Noor Uthman Muhammed, 46, and Ibrahim Idris, 52, were the last Sudanese prisoners at Guantanamo. Four other Guantanamo prisoners were repatriated earlier this month: two from Saudi Arabia and two from Algeria.

"President Obama remains deeply determined to close the detention facility at Guantanamo," National Security Advisor Susan E. Rice said at the Human Rights First Annual Summit on Dec. 4.

"We have new envoys at the Departments of State and Defense dedicated to this cause. In August, we completed the first successful detainee transfers ... and we expect to announce more transfers in the near future." 

Muhammed was imprisoned at Guantanmo for nine years before he pleaded guilty in 2011 "to conspiring with Al-Qaeda and providing material support for militants. He admitted he was a weapons trainer at the Khaldan paramilitary camp in Afghanistan from 1996 to 2000," according to Al-Jazeera.

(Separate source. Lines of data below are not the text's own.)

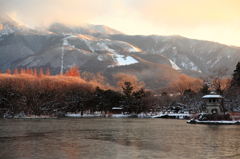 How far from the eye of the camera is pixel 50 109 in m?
74.8

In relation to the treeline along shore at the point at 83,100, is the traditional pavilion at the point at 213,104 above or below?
below

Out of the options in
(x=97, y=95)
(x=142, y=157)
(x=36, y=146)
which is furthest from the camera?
(x=97, y=95)

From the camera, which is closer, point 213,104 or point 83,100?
point 213,104

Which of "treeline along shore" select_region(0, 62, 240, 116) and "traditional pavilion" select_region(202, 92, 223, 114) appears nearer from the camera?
"traditional pavilion" select_region(202, 92, 223, 114)

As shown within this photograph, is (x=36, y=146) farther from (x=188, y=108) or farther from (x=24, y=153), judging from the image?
(x=188, y=108)

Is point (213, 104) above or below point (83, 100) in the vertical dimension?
below

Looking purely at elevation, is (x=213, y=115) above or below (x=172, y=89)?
below

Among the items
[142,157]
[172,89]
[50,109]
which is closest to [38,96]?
[50,109]

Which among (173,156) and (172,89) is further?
(172,89)

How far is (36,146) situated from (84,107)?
210ft

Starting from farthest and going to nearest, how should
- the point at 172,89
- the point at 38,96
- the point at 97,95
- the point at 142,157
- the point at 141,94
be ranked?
the point at 172,89 → the point at 141,94 → the point at 97,95 → the point at 38,96 → the point at 142,157

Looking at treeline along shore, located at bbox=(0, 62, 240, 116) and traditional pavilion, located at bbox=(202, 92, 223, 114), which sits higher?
treeline along shore, located at bbox=(0, 62, 240, 116)

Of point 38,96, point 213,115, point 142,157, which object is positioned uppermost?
point 38,96

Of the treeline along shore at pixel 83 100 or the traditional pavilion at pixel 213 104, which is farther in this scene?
the treeline along shore at pixel 83 100
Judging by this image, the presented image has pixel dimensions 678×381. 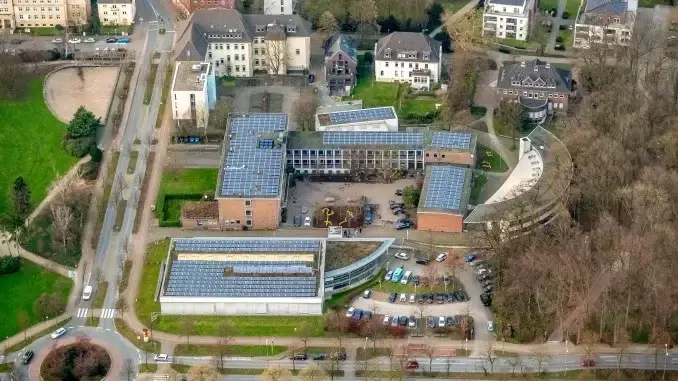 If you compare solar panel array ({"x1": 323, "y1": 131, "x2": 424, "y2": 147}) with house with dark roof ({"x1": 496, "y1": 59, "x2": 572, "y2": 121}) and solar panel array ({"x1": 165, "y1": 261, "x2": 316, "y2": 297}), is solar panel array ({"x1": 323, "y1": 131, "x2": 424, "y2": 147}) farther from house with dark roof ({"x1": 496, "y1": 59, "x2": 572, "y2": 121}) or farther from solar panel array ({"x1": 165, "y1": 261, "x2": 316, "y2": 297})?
solar panel array ({"x1": 165, "y1": 261, "x2": 316, "y2": 297})

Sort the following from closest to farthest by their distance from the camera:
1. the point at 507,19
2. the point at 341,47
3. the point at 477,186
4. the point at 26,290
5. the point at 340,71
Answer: the point at 26,290
the point at 477,186
the point at 341,47
the point at 340,71
the point at 507,19

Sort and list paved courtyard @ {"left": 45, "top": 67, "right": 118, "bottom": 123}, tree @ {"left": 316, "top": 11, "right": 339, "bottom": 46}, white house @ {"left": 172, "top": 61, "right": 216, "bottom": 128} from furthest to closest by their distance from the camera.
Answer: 1. tree @ {"left": 316, "top": 11, "right": 339, "bottom": 46}
2. paved courtyard @ {"left": 45, "top": 67, "right": 118, "bottom": 123}
3. white house @ {"left": 172, "top": 61, "right": 216, "bottom": 128}

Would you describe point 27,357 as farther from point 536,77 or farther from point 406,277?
point 536,77

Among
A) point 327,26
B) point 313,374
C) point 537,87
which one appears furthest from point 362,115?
point 313,374

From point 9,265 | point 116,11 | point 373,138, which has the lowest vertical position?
point 9,265

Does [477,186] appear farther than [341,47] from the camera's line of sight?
No

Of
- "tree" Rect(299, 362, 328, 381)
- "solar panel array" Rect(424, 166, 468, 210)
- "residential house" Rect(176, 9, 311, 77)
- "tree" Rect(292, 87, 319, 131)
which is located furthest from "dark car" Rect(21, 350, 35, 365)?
"residential house" Rect(176, 9, 311, 77)

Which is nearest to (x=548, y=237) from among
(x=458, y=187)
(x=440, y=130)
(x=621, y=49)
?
(x=458, y=187)

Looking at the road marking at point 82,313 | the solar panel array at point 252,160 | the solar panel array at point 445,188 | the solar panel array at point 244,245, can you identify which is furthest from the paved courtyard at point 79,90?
the solar panel array at point 445,188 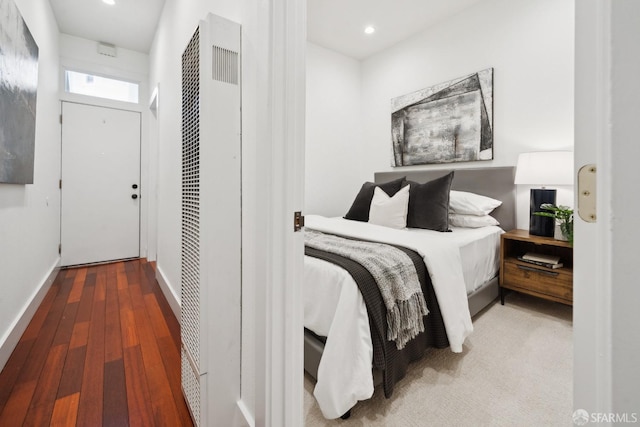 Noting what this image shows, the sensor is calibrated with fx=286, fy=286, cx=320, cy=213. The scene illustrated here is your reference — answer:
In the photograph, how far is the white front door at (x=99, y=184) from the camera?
3621 mm

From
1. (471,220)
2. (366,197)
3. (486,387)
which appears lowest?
(486,387)

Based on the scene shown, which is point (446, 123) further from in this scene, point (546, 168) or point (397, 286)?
point (397, 286)

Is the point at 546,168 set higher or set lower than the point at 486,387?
higher

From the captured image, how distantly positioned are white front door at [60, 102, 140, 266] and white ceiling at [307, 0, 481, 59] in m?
2.80

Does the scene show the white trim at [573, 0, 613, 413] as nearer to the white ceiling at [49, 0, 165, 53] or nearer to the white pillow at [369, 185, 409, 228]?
the white pillow at [369, 185, 409, 228]

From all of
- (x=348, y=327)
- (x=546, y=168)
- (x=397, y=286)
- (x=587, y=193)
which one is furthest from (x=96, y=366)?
(x=546, y=168)

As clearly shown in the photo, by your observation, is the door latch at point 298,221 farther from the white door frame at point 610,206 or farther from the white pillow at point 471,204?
the white pillow at point 471,204

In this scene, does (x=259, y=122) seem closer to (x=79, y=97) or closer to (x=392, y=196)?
(x=392, y=196)

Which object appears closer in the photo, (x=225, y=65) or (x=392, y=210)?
(x=225, y=65)

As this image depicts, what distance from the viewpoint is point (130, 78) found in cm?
390

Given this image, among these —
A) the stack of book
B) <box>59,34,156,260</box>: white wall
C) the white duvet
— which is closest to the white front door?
<box>59,34,156,260</box>: white wall

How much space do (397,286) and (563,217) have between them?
1.64 meters

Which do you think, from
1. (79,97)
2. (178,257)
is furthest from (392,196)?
(79,97)

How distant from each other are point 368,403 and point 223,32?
1.80 metres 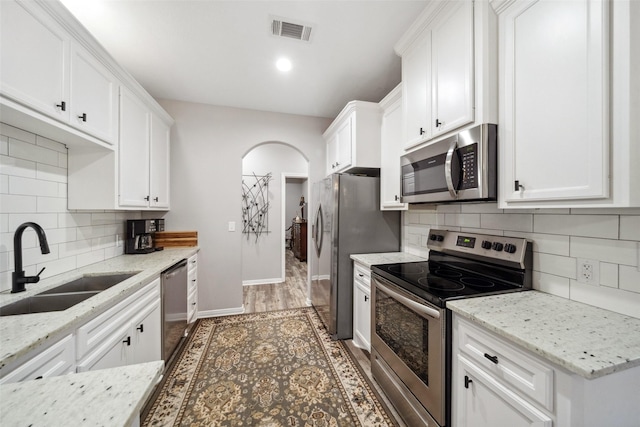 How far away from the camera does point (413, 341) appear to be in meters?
1.46

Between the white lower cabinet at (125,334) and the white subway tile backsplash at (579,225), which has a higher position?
the white subway tile backsplash at (579,225)

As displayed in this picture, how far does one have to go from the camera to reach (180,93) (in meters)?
2.83

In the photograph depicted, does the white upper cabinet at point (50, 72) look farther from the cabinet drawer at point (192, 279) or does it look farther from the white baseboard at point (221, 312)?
the white baseboard at point (221, 312)

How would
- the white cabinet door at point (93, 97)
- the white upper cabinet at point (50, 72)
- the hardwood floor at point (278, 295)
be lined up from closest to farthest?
the white upper cabinet at point (50, 72) < the white cabinet door at point (93, 97) < the hardwood floor at point (278, 295)

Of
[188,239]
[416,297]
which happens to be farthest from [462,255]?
[188,239]

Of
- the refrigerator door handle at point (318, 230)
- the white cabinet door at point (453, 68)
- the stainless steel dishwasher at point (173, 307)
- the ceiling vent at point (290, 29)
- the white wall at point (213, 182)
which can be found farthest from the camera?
the white wall at point (213, 182)

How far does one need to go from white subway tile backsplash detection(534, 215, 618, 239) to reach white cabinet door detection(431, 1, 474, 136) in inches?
26.9

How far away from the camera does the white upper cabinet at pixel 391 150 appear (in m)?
2.25

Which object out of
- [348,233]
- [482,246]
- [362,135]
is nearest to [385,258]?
[348,233]

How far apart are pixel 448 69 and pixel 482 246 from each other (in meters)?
1.13

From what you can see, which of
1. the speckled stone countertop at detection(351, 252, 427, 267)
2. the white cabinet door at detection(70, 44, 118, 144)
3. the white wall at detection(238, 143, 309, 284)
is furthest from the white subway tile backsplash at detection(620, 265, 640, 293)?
the white wall at detection(238, 143, 309, 284)

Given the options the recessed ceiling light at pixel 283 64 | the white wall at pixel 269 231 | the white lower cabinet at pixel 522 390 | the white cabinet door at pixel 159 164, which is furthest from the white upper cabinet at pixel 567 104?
the white wall at pixel 269 231

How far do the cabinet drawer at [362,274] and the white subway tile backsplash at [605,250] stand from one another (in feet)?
4.25

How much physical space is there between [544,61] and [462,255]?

In exchange for his guilty plea, Muhammed's sentence was reduced.

Idris was brought to Guantanamo the first day the prison opened in 2002 was never charged with a crime, according to the BBC. Suffering from diabetes and schizophrenia, the latter causing auditory and visual hallucinations, Idris spent most of his time in Guantanamo's psychiatric ward.

In 2008, a U.S. military assessment "found Idris was one of Osama bin Laden's international couriers in the 1990s and later became a top doctor at al Qaeda's al Farouq training camp in Afghanistan," Reuters reported.

Idris "was ordered freed by a U.S. district judge" in October, five years after the military assessment, when "his lawyers argued he was too mentally and physically ill to pose a threat," Reueters stated.

Zeke Johnson, director of Amnesty International's Security with Human Rights Campaign, told the press that "half the people still held [at Guantanamo] are cleared to leave" and said he hoped Obama would "keep the momentum going by turning this week's trickle of transfers into a torrent."